■ **What you have to do**
Search the data for the word "Patient" and copy each line that has it.

....

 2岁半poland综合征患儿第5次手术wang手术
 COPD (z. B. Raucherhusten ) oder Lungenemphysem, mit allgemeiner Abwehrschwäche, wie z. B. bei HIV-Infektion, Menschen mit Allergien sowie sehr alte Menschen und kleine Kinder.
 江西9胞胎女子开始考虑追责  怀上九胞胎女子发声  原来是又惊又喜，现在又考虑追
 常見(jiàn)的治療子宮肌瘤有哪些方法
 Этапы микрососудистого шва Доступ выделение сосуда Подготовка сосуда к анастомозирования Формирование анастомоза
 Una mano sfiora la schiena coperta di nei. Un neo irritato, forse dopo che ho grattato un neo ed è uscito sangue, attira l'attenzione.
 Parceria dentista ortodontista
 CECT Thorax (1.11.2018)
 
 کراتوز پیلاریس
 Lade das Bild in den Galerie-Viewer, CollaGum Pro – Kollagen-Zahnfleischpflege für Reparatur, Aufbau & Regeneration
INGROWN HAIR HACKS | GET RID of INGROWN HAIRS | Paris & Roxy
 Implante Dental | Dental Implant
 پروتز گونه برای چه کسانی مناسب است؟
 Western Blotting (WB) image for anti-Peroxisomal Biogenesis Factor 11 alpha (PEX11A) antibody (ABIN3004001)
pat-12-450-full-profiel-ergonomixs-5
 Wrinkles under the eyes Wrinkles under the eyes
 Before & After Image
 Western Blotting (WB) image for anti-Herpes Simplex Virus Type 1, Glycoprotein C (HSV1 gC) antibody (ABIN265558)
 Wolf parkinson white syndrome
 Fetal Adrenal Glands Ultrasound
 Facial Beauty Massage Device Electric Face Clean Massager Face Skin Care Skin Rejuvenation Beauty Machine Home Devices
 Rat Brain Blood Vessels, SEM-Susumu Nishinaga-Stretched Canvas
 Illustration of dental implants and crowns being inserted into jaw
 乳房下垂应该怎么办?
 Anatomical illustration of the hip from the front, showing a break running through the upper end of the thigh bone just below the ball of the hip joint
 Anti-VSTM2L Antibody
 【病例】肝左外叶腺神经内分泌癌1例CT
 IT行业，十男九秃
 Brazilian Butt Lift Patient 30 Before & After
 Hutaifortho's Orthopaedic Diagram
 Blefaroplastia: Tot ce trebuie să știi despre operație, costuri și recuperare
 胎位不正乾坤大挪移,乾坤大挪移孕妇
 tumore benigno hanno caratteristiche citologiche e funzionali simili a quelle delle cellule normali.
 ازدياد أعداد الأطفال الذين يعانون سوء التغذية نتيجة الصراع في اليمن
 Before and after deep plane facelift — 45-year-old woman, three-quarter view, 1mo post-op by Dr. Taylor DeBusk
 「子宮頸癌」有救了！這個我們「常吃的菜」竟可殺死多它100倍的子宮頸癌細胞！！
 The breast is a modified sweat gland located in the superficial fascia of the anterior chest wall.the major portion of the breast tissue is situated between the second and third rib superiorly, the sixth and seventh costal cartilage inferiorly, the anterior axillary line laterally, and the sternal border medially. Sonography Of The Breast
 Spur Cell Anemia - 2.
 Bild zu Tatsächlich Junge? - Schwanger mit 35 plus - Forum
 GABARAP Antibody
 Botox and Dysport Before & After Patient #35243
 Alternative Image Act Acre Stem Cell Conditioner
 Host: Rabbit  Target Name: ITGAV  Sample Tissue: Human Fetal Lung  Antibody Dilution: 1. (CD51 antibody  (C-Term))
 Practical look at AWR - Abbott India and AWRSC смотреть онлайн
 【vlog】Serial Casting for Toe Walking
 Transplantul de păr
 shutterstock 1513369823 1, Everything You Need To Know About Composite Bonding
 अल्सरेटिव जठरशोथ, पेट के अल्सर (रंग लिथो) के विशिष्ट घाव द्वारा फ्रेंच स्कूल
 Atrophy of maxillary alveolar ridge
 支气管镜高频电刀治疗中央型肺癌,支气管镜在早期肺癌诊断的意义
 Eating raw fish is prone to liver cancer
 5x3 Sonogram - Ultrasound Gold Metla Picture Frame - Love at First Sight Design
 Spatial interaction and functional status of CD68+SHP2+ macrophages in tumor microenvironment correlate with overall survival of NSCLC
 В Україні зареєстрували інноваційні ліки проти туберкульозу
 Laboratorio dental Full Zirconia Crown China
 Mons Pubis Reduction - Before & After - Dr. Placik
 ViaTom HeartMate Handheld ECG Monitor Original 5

....

■ **Task result**
 Brazilian Butt Lift Patient 30 Before & After
 Botox and Dysport Before & After Patient #35243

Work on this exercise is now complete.